The most common sense approach to life, and consequently government, is Maslow’s’ Hierarchy of Human Needs.

But I doubt if there’s a politician who knows it, it’s common sense so it’s worthless to them.

Maslow’s’ Hierarchy of Human Needs is a pyramid, like anything you start at the bottom and build upwards stage-by-stage.

You can’t start on the next stage until the previous one has been properly built.

So Maslow’s pyramid is the various stages necessary for human life.

The first stage is food – no one can live without food.

When you have food, you can start on the next stage – shelter.

You must have those two before you can move to the third stage – safety.

Food, shelter and safety are the essentials for life, after you have those you can move to the next stage, things that make life pleasant – relationships.

Finally, when all those are complete, you can move to the final stage – fulfilment.

But you must start building at the bottom, without food there is no life.

Only then can we work our way up towards life’s ultimate goal – fulfilment (which will be different for every individual).

Now imagine how different things would be if that was on a massive chart in the House of Commons.

If all the politicians had that as a list of priorities in front of them: Don’t start arguing about trivia until everyone in the country is fed.
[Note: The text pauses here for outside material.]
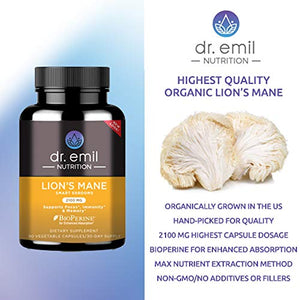 Dr. Emil Nutrition Organic Brain Boosting Nootropic Lions Mane Mushroom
Don’t start quibbling over party-politics until everyone has a home.

Don’t start scoring points off each other until everyone is safe.

A big chart like that would force all politicians to stay on track and attend to essentials.

Now transfer that thinking to advertising agencies.

Imagine every agency had a big chart on the wall, like Maslow’s Hierarchy of Human Needs.

A big pyramid divided into three levels.

Similarly to Maslow’s chart, you can’t start on the next level until you’ve completed the previous level.

The first level on our chart would be – Impact.

(If our ad is invisible, it has no chance of doing anything at all.)

The next level would be – Communication.

(If no one understands our ad, how can it possibly work?)

The final level is – Persuasion.

(Once we’ve built the other two levels, we have a chance to influence our audience.)

If we don’t build the first level – Impact – nothing happens.

We each see 1,000 advertising messages a day, 89% are not noticed or remembered.

So we have a 9 out of 10 chance of being ignored.

Which is why the first level is crucial.

Just like Maslow’s Hierarchy of Human Needs.

Unless we build the first levels properly, making sure everyone has food, shelter, and safety, the other levels are irrelevant, our audience won’t be around.

Which is where advertising and marketing are just like most governments.

We spend all our time concentrating on the trivia instead of the important stuff.